• _Exercise objective_: Copy each line below as written, but skip the pictures.

[Data shown]

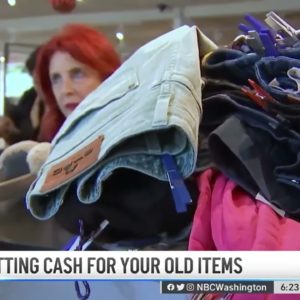 Consignment and Resale: How to Cash in on Old Items | NBC4 Washington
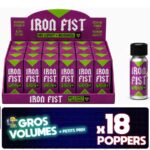 poppers iron fist butanol, no limit butanol poppers, poppers iron fist au butanol à la boîte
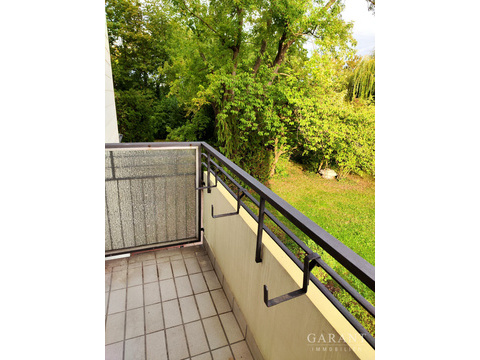 Blick vom Küchenbalkon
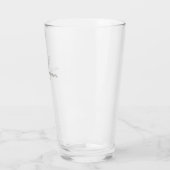 Verre Eléments simples modernes élégants (Gauche)
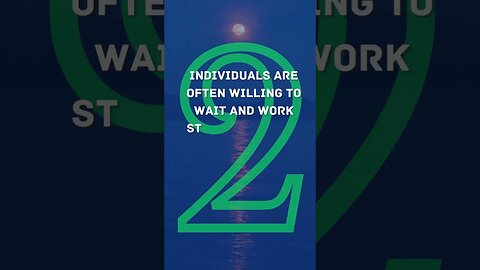 Numerology of 2: PATIENCE.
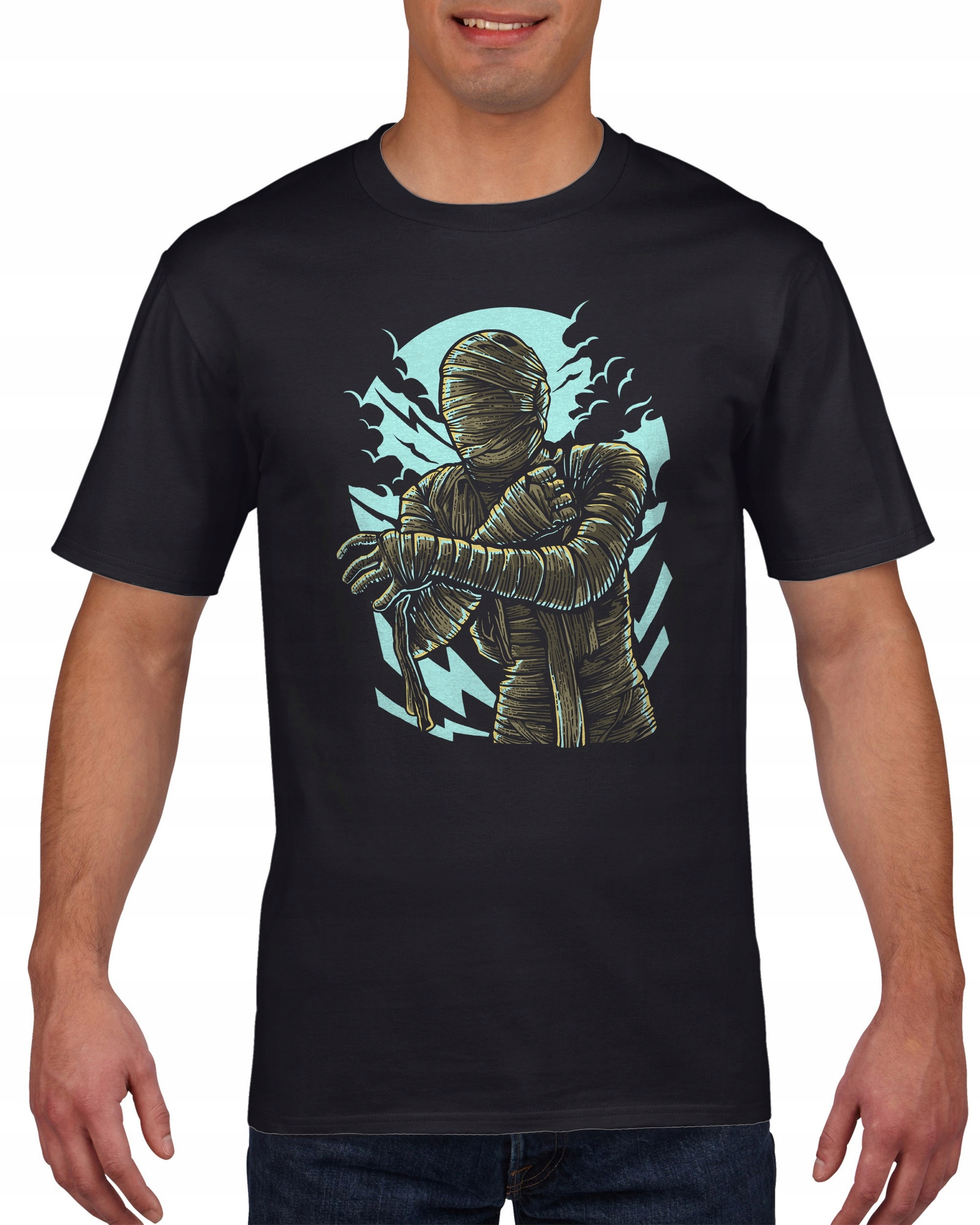 

Koszulka męska Mumia c XXL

[/Data shown]

• _Exercise result_:
 Consignment and Resale: How to Cash in on Old Items | NBC4 Washington
 poppers iron fist butanol, no limit butanol poppers, poppers iron fist au butanol à la boîte
 Blick vom Küchenbalkon
 Verre Eléments simples modernes élégants (Gauche)
 Numerology of 2: PATIENCE.

Koszulka męska Mumia c XXL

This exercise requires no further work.